Dwight Eubank, Blane Eubank’s cousin, swooped in when the car landed back on a dealership lot in 1972—this time in the Texas panhandle—and bought it for himself. According to Blane, Dwight street-drove the car for a bit before taking it to the track.
“He drove it just for the first couple of years, and then he was always interested in drag racing and he drag raced it at Amarillo and just different places around,” Blane recalled.
Blane was enamored with the car himself and kept track of it all through the 1970s and into the 1980s, when Dwight blew the motor and parked it.
“I think he just ran out of money and he started having kids and stuff and it got put aside and he just never got back to the car,” Blane said.

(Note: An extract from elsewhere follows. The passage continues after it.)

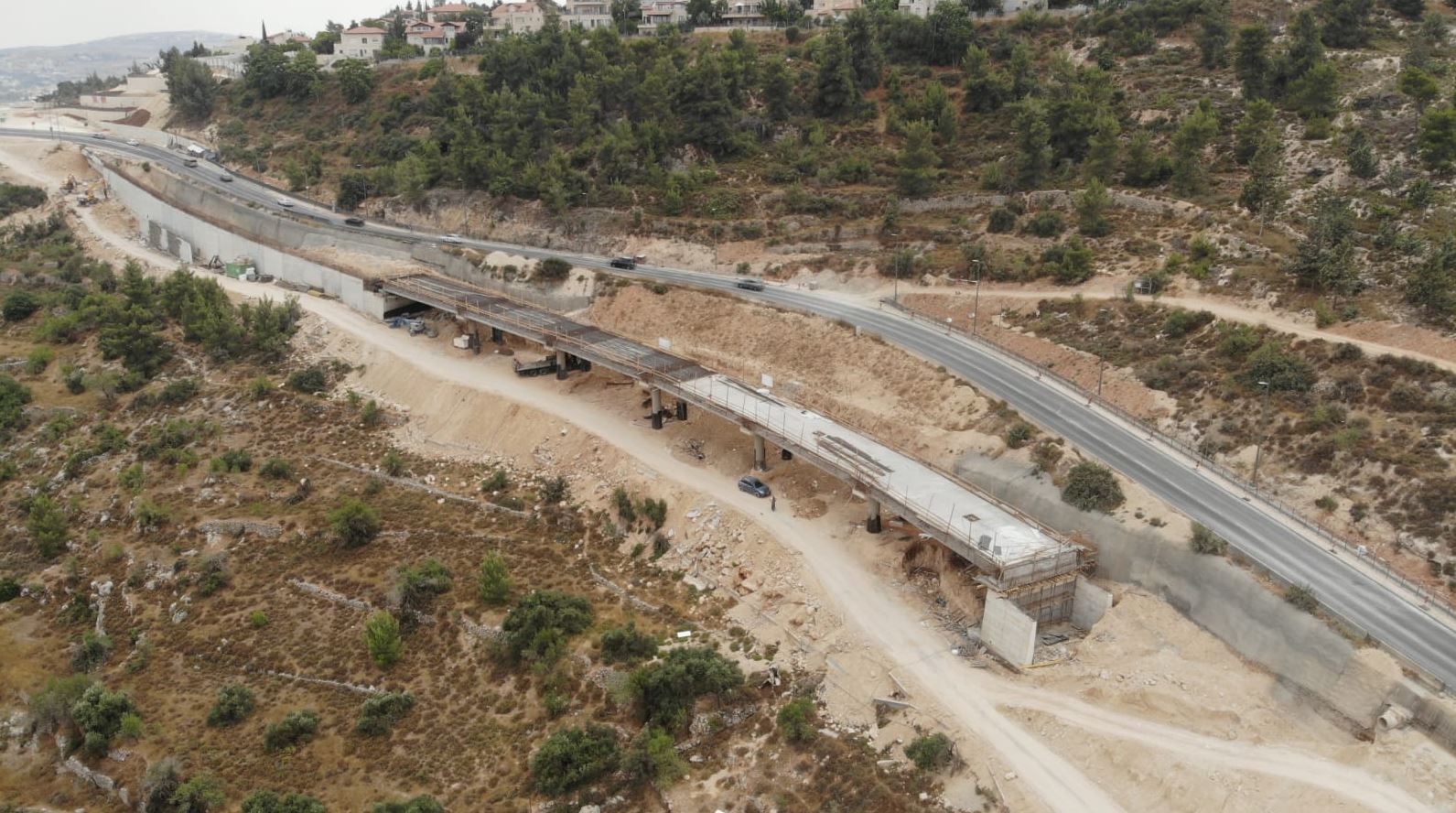 בן ארי תל רם פרויקטים בע"מ - רכבת קלה אורה-בית חולים הדסה גשר 03 בן ארי תל רם פרויקטים בע"מ - רכבת קלה אורה-בית חולים הדסה גשר 03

Even with a bad engine, the Boss didn’t lose its luster to Blane, who had taken a shine to the car way back when his cousin bought it. Knowing the Boss had become lame, and his cousin wasn’t doing anything with it, Blane began the slow and tedious process of making it his.
“I started calling him sometime in the late 1980s and was just pretty persistent and called him for several, several years,” Blane said. “He told me the car would never be for sale. But I would call him or see him at family reunions and take the opportunity to ask him about it until the summer of ’15 or ’16 when he said, ‘I might be interested in selling it,’ and my ears kind of perked up. We talked a little bit and the more we talked, the more he was interested in selling it, and we came to terms and I got to buy the car.”

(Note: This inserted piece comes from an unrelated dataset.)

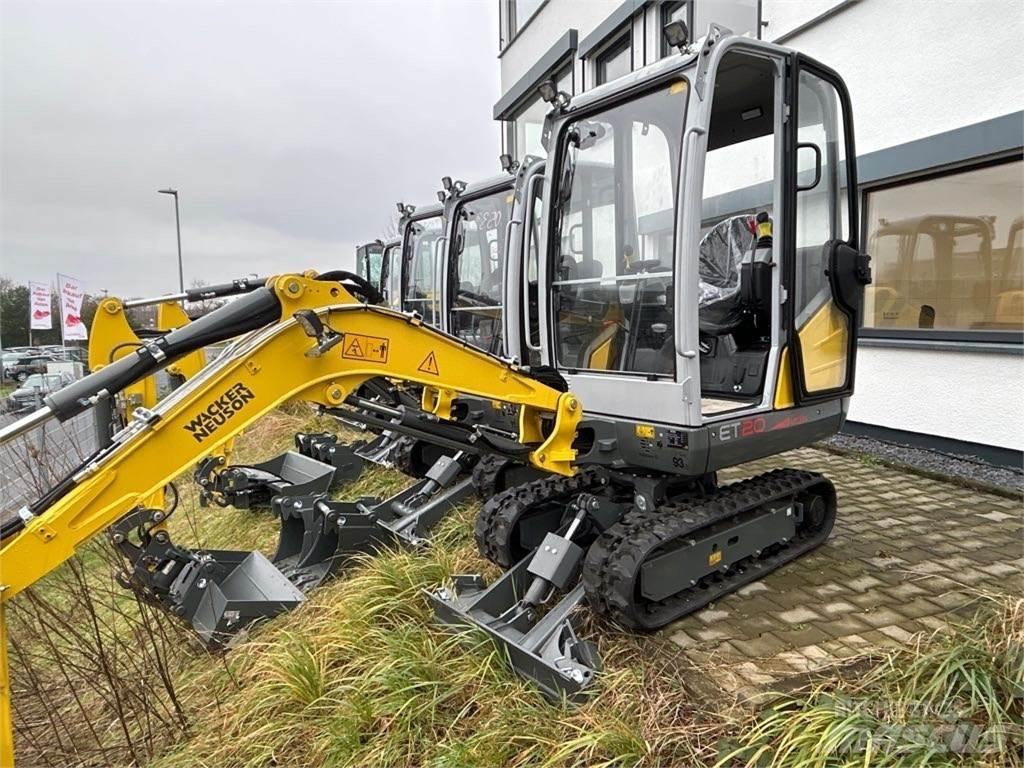Wacker Neuson ET20 Koparki gąsienicowe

By this time, the Boss 302 didn’t look like it did back in 1972 when Dwight bought it. In the interest of speed, Dwight had begun removing parts to save weight, including the entire interior. Luckily, the modifications he had performed were simple bolt-on additions, and he had saved every part he removed. Because the first owner hadn’t driven it long, and because Dwight quickly began putting miles on just one quarter-mile at a time, the Boss had just 30-some-thousand miles when it was parked. That was the good news. The bad news was that the parts were haphazardly strewn about the barn and mixed among parts from other cars, trucks, and even airplanes.
Although he was already a Mustang owner, Blane reached out to Mustang restoration guru Jason Billups in search of some guidance about his pending purchase. Blane found that putting a price on such a desirable but disassembled pony car was difficult, and he wanted an expert opinion. When Blane told Jason the price, Jason said, “If you don’t buy it, I will.”